The weightgap principle applies, using the following adequate RMI:
The following argument positions are usable:
Uargs(natsFrom) = {}, Uargs(cons) = {}, Uargs(s) = {},
Uargs(fst) = {}, Uargs(pair) = {}, Uargs(snd) = {},
Uargs(splitAt) = {}, Uargs(u) = {}, Uargs(head) = {},
Uargs(tail) = {}, Uargs(sel) = {}, Uargs(afterNth) = {},
Uargs(take) = {}, Uargs(natsFrom^#) = {}, Uargs(c_0) = {},
Uargs(fst^#) = {}, Uargs(snd^#) = {}, Uargs(splitAt^#) = {},
Uargs(c_4) = {}, Uargs(u^#) = {}, Uargs(head^#) = {},
Uargs(tail^#) = {}, Uargs(sel^#) = {}, Uargs(c_8) = {},
Uargs(take^#) = {}, Uargs(c_9) = {}, Uargs(afterNth^#) = {},
Uargs(c_10) = {}
We have the following constructor-restricted matrix interpretation:
Interpretation Functions:
natsFrom(x1) = [0 0 0] x1 + [0]
[0 0 0] [0]
[0 0 0] [0]
cons(x1, x2) = [0 0 0] x1 + [0 0 0] x2 + [0]
[0 0 0] [0 0 0] [0]
[0 0 0] [0 0 0] [0]
s(x1) = [0 0 0] x1 + [0]
[0 0 0] [0]
[0 0 0] [0]
fst(x1) = [0 0 0] x1 + [0]
[0 0 0] [0]
[0 0 0] [0]
pair(x1, x2) = [0 0 0] x1 + [0 0 0] x2 + [0]
[0 0 0] [0 0 0] [0]
[0 0 0] [0 0 0] [0]
snd(x1) = [0 0 0] x1 + [0]
[0 0 0] [0]
[0 0 0] [0]
splitAt(x1, x2) = [0 0 0] x1 + [0 0 0] x2 + [0]
[0 0 0] [0 0 0] [0]
[0 0 0] [0 0 0] [0]
0() = [0]
[0]
[0]
nil() = [0]
[0]
[0]
u(x1, x2, x3, x4) = [0 0 0] x1 + [0 0 0] x2 + [0 0 0] x3 + [0 0 0] x4 + [0]

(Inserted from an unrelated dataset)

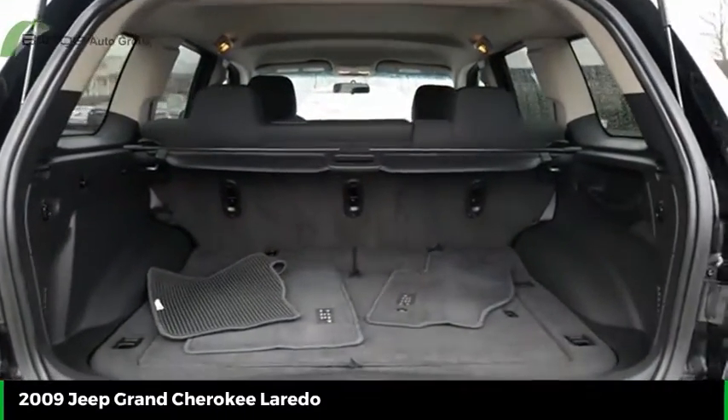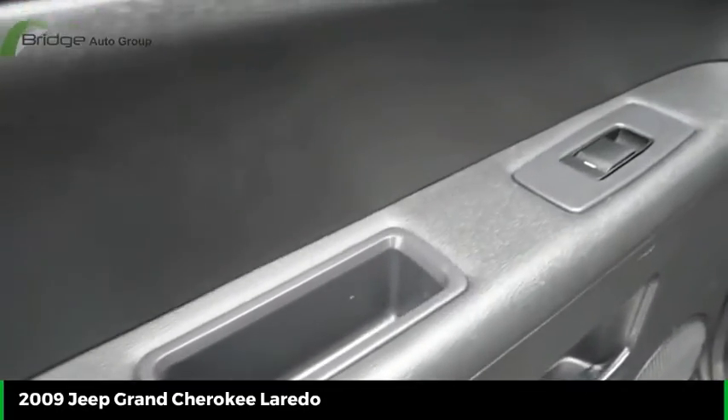Take this vehicle for a spin and see why so many shoppers are now proud owners.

[0 0 0] [0 0 0] [0 0 0] [0 0 0] [0]
[0 0 0] [0 0 0] [0 0 0] [0 0 0] [0]
head(x1) = [0 0 0] x1 + [0]
[0 0 0] [0]
[0 0 0] [0]
tail(x1) = [0 0 0] x1 + [0]
[0 0 0] [0]
[0 0 0] [0]
sel(x1, x2) = [0 0 0] x1 + [0 0 0] x2 + [0]
[0 0 0] [0 0 0] [0]
[0 0 0] [0 0 0] [0]
afterNth(x1, x2) = [0 0 0] x1 + [0 0 0] x2 + [0]
[0 0 0] [0 0 0] [0]
[0 0 0] [0 0 0] [0]
take(x1, x2) = [0 0 0] x1 + [0 0 0] x2 + [0]
[0 0 0] [0 0 0] [0]
[0 0 0] [0 0 0] [0]
natsFrom^#(x1) = [0 0 0] x1 + [0]
[0 0 0] [0]
[0 0 0] [0]
c_0(x1) = [0 0 0] x1 + [0]
[0 0 0] [0]
[0 0 0] [0]
fst^#(x1) = [0 0 0] x1 + [0]
[0 0 0] [0]
[0 0 0] [0]
c_1() = [0]
[0]
[0]
snd^#(x1) = [0 0 0] x1 + [0]
[0 0 0] [0]
[0 0 0] [0]
c_2() = [0]
[0]
[0]
splitAt^#(x1, x2) = [0 0 0] x1 + [0 0 0] x2 + [0]
[0 0 0] [0 0 0] [0]
[0 0 0] [0 0 0] [0]
c_3() = [0]
[0]
[0]
c_4(x1) = [0 0 0] x1 + [0]
[0 0 0] [0]
[0 0 0] [0]
u^#(x1, x2, x3, x4) = [0 0 0] x1 + [0 0 0] x2 + [0 0 0] x3 + [0 0 0] x4 + [0]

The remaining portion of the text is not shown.